### EXERCISE BRIEF:
All of the records below need to be returned exactly.

[Caption-style text data]
++++++++

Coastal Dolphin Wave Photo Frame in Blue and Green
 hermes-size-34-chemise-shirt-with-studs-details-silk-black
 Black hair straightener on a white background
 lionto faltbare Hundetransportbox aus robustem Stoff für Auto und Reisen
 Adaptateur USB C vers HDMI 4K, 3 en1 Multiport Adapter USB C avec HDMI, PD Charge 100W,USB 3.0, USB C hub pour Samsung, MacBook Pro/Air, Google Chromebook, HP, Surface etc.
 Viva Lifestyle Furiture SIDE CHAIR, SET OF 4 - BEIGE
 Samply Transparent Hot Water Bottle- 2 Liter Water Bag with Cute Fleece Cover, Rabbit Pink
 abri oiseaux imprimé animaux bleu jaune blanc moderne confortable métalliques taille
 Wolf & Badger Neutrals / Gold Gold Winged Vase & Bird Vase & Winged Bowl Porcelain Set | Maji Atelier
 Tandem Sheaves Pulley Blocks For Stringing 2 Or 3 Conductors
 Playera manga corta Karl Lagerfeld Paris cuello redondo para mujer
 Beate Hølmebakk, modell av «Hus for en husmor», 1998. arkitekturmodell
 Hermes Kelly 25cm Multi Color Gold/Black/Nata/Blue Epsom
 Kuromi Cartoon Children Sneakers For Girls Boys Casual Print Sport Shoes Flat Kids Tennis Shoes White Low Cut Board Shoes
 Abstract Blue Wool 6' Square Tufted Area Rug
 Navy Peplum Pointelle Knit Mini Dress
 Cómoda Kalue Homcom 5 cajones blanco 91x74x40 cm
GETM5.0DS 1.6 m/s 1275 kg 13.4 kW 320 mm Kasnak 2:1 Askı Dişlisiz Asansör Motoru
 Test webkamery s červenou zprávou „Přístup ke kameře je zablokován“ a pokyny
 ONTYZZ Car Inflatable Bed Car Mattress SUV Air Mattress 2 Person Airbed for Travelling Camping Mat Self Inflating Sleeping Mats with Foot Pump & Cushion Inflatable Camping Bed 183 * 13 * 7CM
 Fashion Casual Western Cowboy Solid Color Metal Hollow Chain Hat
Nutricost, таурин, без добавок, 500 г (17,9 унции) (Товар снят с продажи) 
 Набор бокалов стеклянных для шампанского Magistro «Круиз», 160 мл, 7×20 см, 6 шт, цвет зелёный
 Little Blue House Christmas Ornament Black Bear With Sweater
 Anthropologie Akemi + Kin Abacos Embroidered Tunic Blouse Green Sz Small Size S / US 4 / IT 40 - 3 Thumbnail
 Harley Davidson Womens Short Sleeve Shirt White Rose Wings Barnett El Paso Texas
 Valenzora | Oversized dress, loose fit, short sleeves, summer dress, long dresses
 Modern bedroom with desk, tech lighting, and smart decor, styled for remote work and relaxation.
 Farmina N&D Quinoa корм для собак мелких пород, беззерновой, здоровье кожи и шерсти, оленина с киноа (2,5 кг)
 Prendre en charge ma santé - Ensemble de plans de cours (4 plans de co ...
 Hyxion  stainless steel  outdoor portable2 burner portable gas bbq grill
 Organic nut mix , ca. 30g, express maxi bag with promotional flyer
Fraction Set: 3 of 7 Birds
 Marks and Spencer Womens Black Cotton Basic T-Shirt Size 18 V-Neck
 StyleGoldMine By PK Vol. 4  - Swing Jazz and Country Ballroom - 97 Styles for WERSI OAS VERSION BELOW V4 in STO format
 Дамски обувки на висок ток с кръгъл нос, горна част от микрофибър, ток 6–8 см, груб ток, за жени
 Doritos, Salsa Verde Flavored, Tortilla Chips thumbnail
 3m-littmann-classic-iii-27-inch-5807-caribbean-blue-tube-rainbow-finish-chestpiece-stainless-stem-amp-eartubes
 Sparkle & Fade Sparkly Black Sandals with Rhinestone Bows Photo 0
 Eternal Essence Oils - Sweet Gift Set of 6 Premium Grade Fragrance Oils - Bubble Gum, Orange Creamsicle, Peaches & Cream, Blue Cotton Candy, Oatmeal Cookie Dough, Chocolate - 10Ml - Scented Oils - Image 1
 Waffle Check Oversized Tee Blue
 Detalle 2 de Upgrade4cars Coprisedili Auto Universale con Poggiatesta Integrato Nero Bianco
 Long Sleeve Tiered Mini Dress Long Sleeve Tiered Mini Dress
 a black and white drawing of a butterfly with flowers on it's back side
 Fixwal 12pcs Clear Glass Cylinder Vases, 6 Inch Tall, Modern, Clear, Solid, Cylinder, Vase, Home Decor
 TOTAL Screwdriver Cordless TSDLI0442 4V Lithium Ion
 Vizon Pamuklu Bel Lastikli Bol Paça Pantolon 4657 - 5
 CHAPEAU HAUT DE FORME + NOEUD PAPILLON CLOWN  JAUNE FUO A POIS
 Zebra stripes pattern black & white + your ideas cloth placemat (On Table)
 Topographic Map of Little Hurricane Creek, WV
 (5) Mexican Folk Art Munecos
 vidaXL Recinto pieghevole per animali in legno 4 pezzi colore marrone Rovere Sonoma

++++++++

### ANSWER BOX:
Coastal Dolphin Wave Photo Frame in Blue and Green
 hermes-size-34-chemise-shirt-with-studs-details-silk-black
 Black hair straightener on a white background
 lionto faltbare Hundetransportbox aus robustem Stoff für Auto und Reisen
 Adaptateur USB C vers HDMI 4K, 3 en1 Multiport Adapter USB C avec HDMI, PD Charge 100W,USB 3.0, USB C hub pour Samsung, MacBook Pro/Air, Google Chromebook, HP, Surface etc.
 Viva Lifestyle Furiture SIDE CHAIR, SET OF 4 - BEIGE
 Samply Transparent Hot Water Bottle- 2 Liter Water Bag with Cute Fleece Cover, Rabbit Pink
 abri oiseaux imprimé animaux bleu jaune blanc moderne confortable métalliques taille
 Wolf & Badger Neutrals / Gold Gold Winged Vase & Bird Vase & Winged Bowl Porcelain Set | Maji Atelier
 Tandem Sheaves Pulley Blocks For Stringing 2 Or 3 Conductors
 Playera manga corta Karl Lagerfeld Paris cuello redondo para mujer
 Beate Hølmebakk, modell av «Hus for en husmor», 1998. arkitekturmodell
 Hermes Kelly 25cm Multi Color Gold/Black/Nata/Blue Epsom
 Kuromi Cartoon Children Sneakers For Girls Boys Casual Print Sport Shoes Flat Kids Tennis Shoes White Low Cut Board Shoes
 Abstract Blue Wool 6' Square Tufted Area Rug
 Navy Peplum Pointelle Knit Mini Dress
 Cómoda Kalue Homcom 5 cajones blanco 91x74x40 cm
GETM5.0DS 1.6 m/s 1275 kg 13.4 kW 320 mm Kasnak 2:1 Askı Dişlisiz Asansör Motoru
 Test webkamery s červenou zprávou „Přístup ke kameře je zablokován“ a pokyny
 ONTYZZ Car Inflatable Bed Car Mattress SUV Air Mattress 2 Person Airbed for Travelling Camping Mat Self Inflating Sleeping Mats with Foot Pump & Cushion Inflatable Camping Bed 183 * 13 * 7CM
 Fashion Casual Western Cowboy Solid Color Metal Hollow Chain Hat
Nutricost, таурин, без добавок, 500 г (17,9 унции) (Товар снят с продажи) 
 Набор бокалов стеклянных для шампанского Magistro «Круиз», 160 мл, 7×20 см, 6 шт, цвет зелёный
 Little Blue House Christmas Ornament Black Bear With Sweater
 Anthropologie Akemi + Kin Abacos Embroidered Tunic Blouse Green Sz Small Size S / US 4 / IT 40 - 3 Thumbnail
 Harley Davidson Womens Short Sleeve Shirt White Rose Wings Barnett El Paso Texas
 Valenzora | Oversized dress, loose fit, short sleeves, summer dress, long dresses
 Modern bedroom with desk, tech lighting, and smart decor, styled for remote work and relaxation.
 Farmina N&D Quinoa корм для собак мелких пород, беззерновой, здоровье кожи и шерсти, оленина с киноа (2,5 кг)
 Prendre en charge ma santé - Ensemble de plans de cours (4 plans de co ...
 Hyxion  stainless steel  outdoor portable2 burner portable gas bbq grill
 Organic nut mix , ca. 30g, express maxi bag with promotional flyer
Fraction Set: 3 of 7 Birds
 Marks and Spencer Womens Black Cotton Basic T-Shirt Size 18 V-Neck
 StyleGoldMine By PK Vol. 4  - Swing Jazz and Country Ballroom - 97 Styles for WERSI OAS VERSION BELOW V4 in STO format
 Дамски обувки на висок ток с кръгъл нос, горна част от микрофибър, ток 6–8 см, груб ток, за жени
 Doritos, Salsa Verde Flavored, Tortilla Chips thumbnail
 3m-littmann-classic-iii-27-inch-5807-caribbean-blue-tube-rainbow-finish-chestpiece-stainless-stem-amp-eartubes
 Sparkle & Fade Sparkly Black Sandals with Rhinestone Bows Photo 0
 Eternal Essence Oils - Sweet Gift Set of 6 Premium Grade Fragrance Oils - Bubble Gum, Orange Creamsicle, Peaches & Cream, Blue Cotton Candy, Oatmeal Cookie Dough, Chocolate - 10Ml - Scented Oils - Image 1
 Waffle Check Oversized Tee Blue
 Detalle 2 de Upgrade4cars Coprisedili Auto Universale con Poggiatesta Integrato Nero Bianco
 Long Sleeve Tiered Mini Dress Long Sleeve Tiered Mini Dress
 a black and white drawing of a butterfly with flowers on it's back side
 Fixwal 12pcs Clear Glass Cylinder Vases, 6 Inch Tall, Modern, Clear, Solid, Cylinder, Vase, Home Decor
 TOTAL Screwdriver Cordless TSDLI0442 4V Lithium Ion
 Vizon Pamuklu Bel Lastikli Bol Paça Pantolon 4657 - 5
 CHAPEAU HAUT DE FORME + NOEUD PAPILLON CLOWN  JAUNE FUO A POIS
 Zebra stripes pattern black & white + your ideas cloth placemat (On Table)
 Topographic Map of Little Hurricane Creek, WV
 (5) Mexican Folk Art Munecos
 vidaXL Recinto pieghevole per animali in legno 4 pezzi colore marrone Rovere Sonoma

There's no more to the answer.